1487 says: 8:13 AM, 10.12.10

Can someone explain why the expense of the 220v charger is being discussed as if its a Volt only issue? This is an electric car issue and Leaf owners will face it as well. If you want to charge quickly you will need to pay up for a high capacity charger and thats the case for ANY electric car. the Leaf needs MORE time to charge which means the 220V charger is all but required for Leaf owners.

Price gouging is JUST as likely on the Leaf when it first shows up.

brn says: 12:59 PM, 10.12.10

1487, it's even worse. The Leaf has a much greater need for a high voltage charger. With the Volt the 110v overnight charge takes care of your commute. If you need to go further, the ICE kicks in. With the Leaf, you're stranded if your run out of battery power. As a result, you have more of a need to top it off quickly.

Even if the Volt's 220v charger were $500 installed, I'm not sure I'd get it. With the Leaf, it's pretty much a necessity.

blueguydotcom says: 3:39 PM, 10.12.10

Someone needs to create a charging system on the floor. Drive over the lip of the system and when x-lbs per sq inch is reached a simple charger port extends to press against the charger on the car (ideally somewhere near the front wheel. If done correctly - maybe something like apple's mag safe? - this could make parking the car at home very easy and safe. Park, charge, forget...

jray4 says: 6:00 AM, 10.13.10

The charger instillation in peoples garage seems to be an issue with only the Volt and not with the Leaf. Why is that? It's because, and this is sad, the media want to bring down GM. Look at the media and if anything negative can be said about GM, they will say it and add to it. And, if they can not find anything negative, they will invent something.

1487 says: 6:40 AM, 10.13.10

The leaf requires almost double the charge time of the Volt and if you use the quick charge system the battery's life is depleted so Nissan doesn't recommend frequent use of the quick charge.

blackadder5639 says: 2:31 PM, 10.13.10

The Volt IS a hybrid. Whether the wheels are linked to the internal combustion engine (ICE) or not, the fact is that it can run on electricity alone, ICE alone or both. I've never seen it as anything else. It is NOT an EV.

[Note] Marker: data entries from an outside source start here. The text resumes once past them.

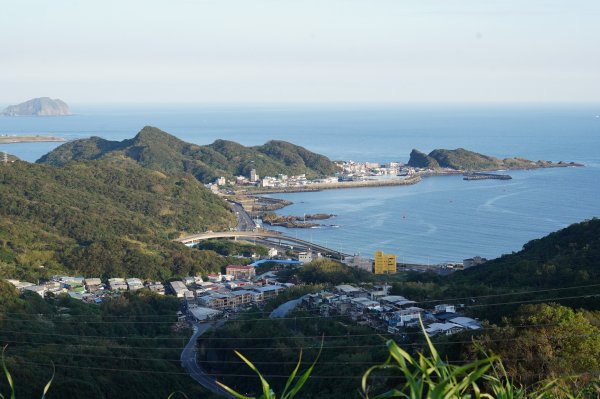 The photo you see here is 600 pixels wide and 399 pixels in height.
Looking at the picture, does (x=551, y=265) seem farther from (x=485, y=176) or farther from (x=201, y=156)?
(x=201, y=156)

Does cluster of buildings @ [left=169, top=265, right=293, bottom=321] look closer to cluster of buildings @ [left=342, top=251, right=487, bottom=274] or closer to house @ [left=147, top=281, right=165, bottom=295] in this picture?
house @ [left=147, top=281, right=165, bottom=295]

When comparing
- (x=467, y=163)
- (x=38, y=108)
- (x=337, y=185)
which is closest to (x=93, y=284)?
(x=337, y=185)

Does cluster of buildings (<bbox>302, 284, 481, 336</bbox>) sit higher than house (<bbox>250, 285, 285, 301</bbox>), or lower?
higher

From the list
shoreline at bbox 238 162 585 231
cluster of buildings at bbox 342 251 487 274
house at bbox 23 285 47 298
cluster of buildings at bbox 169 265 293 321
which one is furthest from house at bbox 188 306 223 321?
shoreline at bbox 238 162 585 231

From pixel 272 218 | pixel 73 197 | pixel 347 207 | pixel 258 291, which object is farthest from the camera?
pixel 347 207

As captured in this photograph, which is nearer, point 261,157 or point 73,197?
point 73,197

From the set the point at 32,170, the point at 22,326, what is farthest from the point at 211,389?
the point at 32,170

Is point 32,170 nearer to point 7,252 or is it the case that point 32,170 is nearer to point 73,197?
point 73,197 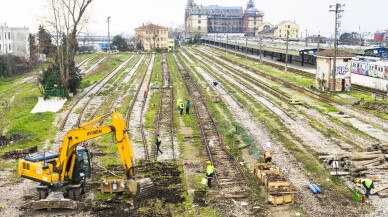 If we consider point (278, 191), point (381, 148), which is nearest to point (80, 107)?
point (278, 191)

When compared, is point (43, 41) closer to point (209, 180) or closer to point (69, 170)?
point (69, 170)

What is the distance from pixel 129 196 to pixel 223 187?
3744 millimetres

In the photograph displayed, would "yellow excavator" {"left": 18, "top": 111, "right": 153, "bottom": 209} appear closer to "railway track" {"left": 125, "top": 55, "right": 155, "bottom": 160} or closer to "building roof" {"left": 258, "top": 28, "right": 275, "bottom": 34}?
"railway track" {"left": 125, "top": 55, "right": 155, "bottom": 160}

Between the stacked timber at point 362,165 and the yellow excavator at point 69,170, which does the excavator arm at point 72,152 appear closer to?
the yellow excavator at point 69,170

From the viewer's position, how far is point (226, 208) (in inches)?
626

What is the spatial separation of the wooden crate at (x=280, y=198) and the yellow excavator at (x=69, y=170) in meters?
4.47

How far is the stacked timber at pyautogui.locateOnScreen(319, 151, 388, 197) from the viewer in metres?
18.7

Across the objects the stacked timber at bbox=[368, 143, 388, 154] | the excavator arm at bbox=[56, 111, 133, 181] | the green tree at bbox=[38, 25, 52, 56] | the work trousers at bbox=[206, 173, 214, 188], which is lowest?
the work trousers at bbox=[206, 173, 214, 188]

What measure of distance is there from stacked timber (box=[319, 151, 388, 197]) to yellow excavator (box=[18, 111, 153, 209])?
8677 mm

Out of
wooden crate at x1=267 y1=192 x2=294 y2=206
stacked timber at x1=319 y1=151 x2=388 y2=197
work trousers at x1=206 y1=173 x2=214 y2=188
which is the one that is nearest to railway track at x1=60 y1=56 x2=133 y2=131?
work trousers at x1=206 y1=173 x2=214 y2=188

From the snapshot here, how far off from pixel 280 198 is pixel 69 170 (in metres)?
7.92

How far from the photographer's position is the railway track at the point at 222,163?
56.9 feet

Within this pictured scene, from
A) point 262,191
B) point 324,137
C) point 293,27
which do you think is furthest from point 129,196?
point 293,27

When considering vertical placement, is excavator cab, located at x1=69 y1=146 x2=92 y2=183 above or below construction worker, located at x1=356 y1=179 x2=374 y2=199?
above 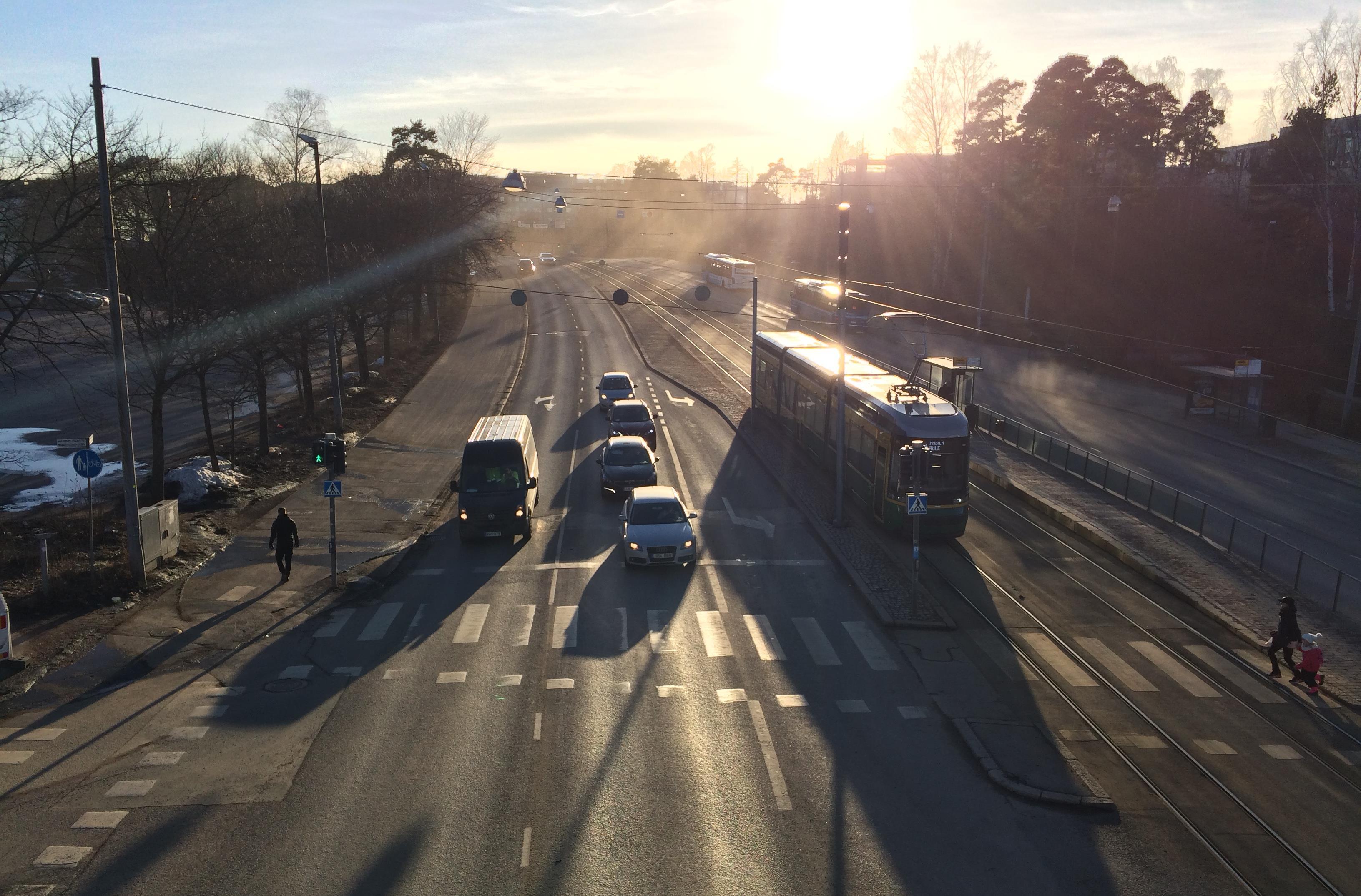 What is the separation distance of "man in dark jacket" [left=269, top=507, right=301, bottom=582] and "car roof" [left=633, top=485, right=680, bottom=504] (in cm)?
754

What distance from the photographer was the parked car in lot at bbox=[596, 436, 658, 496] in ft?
91.4

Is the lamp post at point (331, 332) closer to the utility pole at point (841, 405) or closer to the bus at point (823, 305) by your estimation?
the utility pole at point (841, 405)

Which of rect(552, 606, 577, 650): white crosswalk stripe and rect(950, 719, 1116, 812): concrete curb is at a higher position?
rect(950, 719, 1116, 812): concrete curb

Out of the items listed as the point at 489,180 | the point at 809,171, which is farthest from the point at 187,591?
the point at 809,171

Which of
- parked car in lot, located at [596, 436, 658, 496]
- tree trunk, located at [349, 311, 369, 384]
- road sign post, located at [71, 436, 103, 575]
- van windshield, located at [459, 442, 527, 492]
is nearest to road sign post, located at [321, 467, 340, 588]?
van windshield, located at [459, 442, 527, 492]

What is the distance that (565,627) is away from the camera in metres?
17.8

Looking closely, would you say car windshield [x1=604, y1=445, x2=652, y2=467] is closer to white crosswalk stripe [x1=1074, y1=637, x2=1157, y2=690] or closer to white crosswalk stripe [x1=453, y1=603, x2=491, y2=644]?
white crosswalk stripe [x1=453, y1=603, x2=491, y2=644]

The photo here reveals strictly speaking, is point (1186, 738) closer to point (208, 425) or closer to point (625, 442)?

However, the Volt is a significant improvement over current hybrids: if you drive 40 miles a day or less, you don't need the ICE at all. This is a HUGE achievement.

There is one disappointment, though. It has been reported by other sources that the Volt achieves only 38 mpg when the ICE assists the battery pack. Given the way it was marketed, it is a HUGE disappointment. I expected the Volt to match the Prius' figure at the very least.

If I were interested in a hybrid, I would go for the Prius, Altima or Camry. They're still the best on the market.

brn says: 3:53 PM, 10.13.10

blackadder, it can be both a hybrid and and EV. They're not exclusive.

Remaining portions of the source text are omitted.